Una nuova ricerca scientifica firmata da Filippa Juul, Euridice Martinez-Steele, Niyati Parekh e Carlos A. Monteiro, pubblicata su Nature, mette in luce il ruolo dei cibi ultra-processati (UPF) nella diffusione crescente dell’obesità. La correlazione, spiegano gli autori, non dipende soltanto dalle calorie introdotte, ma da una serie di meccanismi complessi che coinvolgono la fisiologia, il microbiota e persino la percezione della sazietà.
Negli ultimi decenni, la disponibilità sempre maggiore di alimenti industriali ha cambiato le abitudini alimentari a livello globale. Gli UPF sono ormai parte integrante della dieta quotidiana: snack, bibite, dolci confezionati, cereali pronti e molti altri prodotti che non rappresentano più semplici alimenti trasformati, ma vere e proprie formulazioni industriali. Ed è proprio questa loro natura a renderli un fattore di rischio importante per la salute.
Come agiscono i cibi ultra-processati sul corpo
Gli UPF non si limitano a fornire energia. Sono composti da ingredienti scomposti e ricombinati – oli, amidi, zuccheri, additivi “cosmetici” – che danno origine a prodotti con caratteristiche nutrizionali e chimiche nuove per il nostro organismo. La loro iper-palatabilità, cioè l’elevata capacità di stimolare il piacere del gusto, li rende facili da consumare in eccesso, disorientando i meccanismi di sazietà e “hackerando” i circuiti di ricompensa del cervello.

Uno degli aspetti più problematici riguarda la consistenza di molti di questi alimenti, morbida e poco impegnativa da masticare, spesso associata a un’alta densità energetica. Questo porta a mangiare quantità superiori prima di sentirsi sazi. Ma non si tratta solo di comportamento alimentare: alcune sostanze utilizzate, come gli emulsionanti, possono alterare il microbiota intestinale, con conseguenze sul metabolismo e sulla capacità di regolare il peso corporeo.
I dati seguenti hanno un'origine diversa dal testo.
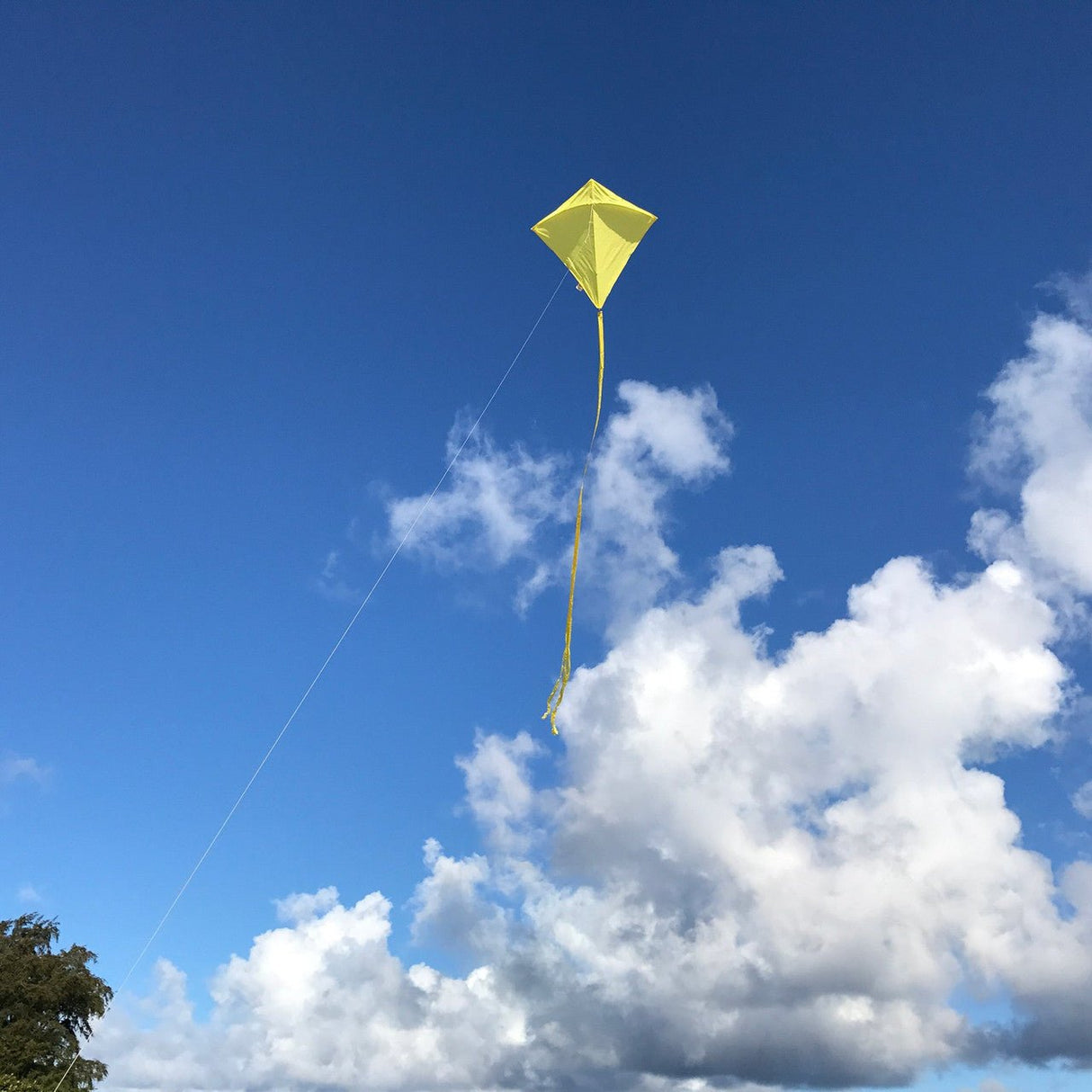 Yellow Colorfly 30-inch Diamond Kite flying against a blue sky with white clouds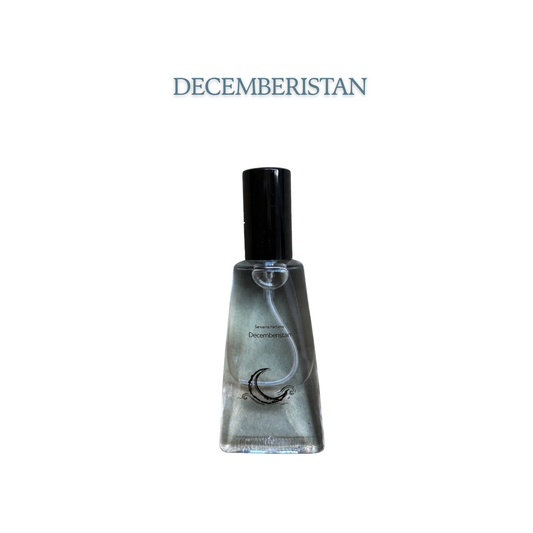 Sanvarna Decemberistan eau de parfum bottle with crescent moon artwork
Anche i dolcificanti senza calorie, ampiamente diffusi negli UPF, non sono privi di effetti: possono influenzare la risposta all’insulina e l’assorbimento del glucosio. Inoltre, studi recenti hanno messo in evidenza il ruolo dei composti che migrano dagli imballaggi – come ftalati e bisfenolo A – considerati interferenti endocrini con possibili effetti obesogeni. In altre parole, il consumo abituale di alimenti ultra-processati non influisce solo sull’apporto energetico totale, ma modifica equilibri fisiologici e metabolici profondi, rendendo più difficile il mantenimento di un peso sano.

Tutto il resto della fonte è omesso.